In the first post-Soviet-era Olympic games in 1992, the "Dream Team”— a group of superstar NBA basketball players— swept away all opposition, going on to win the gold medal for the USA. The team’s unquestionable dominance coincided with, and reflected, a new era of global politics, embodied in the U.S technological and environmental assault on Iraq a year prior.

Aivazian’s film draws parallels between these two events as paradigm shifts in hard and soft power, exploring the celebration of violence that occurs in the passing of the torch, both literal and metaphorical. Fire is the main trans-historical narrative motor here, a fire only momentarily contained, only partially domesticated, but repeatedly mobilised, since its theft from the heights of Mount Olympus, to its unleashing on the oil fields of Kuwait.
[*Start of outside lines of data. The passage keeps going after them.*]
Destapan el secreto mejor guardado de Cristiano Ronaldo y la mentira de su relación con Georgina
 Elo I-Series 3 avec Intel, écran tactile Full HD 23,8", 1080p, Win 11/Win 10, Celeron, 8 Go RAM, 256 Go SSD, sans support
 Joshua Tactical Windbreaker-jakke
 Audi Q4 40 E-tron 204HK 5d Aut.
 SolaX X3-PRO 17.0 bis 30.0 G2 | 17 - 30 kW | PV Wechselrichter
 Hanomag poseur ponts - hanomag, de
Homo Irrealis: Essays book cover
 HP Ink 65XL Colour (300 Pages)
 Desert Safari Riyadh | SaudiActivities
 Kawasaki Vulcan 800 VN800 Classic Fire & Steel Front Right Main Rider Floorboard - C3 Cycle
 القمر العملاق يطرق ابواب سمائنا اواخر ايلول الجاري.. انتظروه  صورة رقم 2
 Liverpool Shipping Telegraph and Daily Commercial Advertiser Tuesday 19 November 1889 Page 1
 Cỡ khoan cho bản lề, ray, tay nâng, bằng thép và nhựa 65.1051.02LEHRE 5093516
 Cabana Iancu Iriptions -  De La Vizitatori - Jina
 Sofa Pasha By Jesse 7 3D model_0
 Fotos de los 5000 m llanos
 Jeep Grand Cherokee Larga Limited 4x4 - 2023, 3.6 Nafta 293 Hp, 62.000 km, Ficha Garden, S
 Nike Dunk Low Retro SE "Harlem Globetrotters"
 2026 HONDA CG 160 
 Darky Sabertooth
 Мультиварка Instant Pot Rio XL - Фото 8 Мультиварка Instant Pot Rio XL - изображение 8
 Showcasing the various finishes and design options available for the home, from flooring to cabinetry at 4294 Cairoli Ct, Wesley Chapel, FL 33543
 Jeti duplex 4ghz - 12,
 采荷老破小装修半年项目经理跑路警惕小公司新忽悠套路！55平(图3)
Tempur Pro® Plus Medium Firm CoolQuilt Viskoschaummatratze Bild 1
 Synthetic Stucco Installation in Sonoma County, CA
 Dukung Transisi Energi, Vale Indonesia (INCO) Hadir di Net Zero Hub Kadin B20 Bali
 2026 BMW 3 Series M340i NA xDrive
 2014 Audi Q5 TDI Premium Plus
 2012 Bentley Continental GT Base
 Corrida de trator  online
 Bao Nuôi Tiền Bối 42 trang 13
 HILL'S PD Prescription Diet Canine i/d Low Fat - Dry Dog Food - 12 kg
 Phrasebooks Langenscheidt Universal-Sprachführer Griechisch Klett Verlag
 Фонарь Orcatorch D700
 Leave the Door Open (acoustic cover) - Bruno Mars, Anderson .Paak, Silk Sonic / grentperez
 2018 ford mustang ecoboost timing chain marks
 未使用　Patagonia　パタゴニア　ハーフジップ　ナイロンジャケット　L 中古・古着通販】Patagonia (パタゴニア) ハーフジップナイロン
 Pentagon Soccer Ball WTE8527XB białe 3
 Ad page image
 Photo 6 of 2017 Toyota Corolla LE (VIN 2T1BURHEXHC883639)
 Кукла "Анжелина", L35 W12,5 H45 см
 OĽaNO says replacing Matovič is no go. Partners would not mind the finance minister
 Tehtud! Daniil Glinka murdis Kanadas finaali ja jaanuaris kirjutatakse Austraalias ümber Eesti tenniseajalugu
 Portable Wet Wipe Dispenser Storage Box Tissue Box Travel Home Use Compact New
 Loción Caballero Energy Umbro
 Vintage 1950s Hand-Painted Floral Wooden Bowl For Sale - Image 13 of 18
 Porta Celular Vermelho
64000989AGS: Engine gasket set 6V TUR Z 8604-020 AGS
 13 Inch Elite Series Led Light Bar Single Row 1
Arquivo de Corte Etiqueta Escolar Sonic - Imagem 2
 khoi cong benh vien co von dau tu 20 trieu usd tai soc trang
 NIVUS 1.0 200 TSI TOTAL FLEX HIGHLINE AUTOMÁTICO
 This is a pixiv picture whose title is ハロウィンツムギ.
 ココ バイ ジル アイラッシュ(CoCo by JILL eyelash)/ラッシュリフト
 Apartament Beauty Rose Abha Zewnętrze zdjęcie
Using mainly found footage, the film splices multiple scales, from lighting speed technological warfare, to unfathomably permanent environmental damage, from the lighting of ancient fires by channeling solar explosions occurred light years in the past, to grains of sand speckled with the chemical warfare testing the future. Besides the technicity ignited by the discovery of fire, the film also surveys the extractive impulses that weaponise other technologies, from black oil to black bodies, from the ability to track missiles and people to the ability to conceal a plane, or a motive, or a war crime.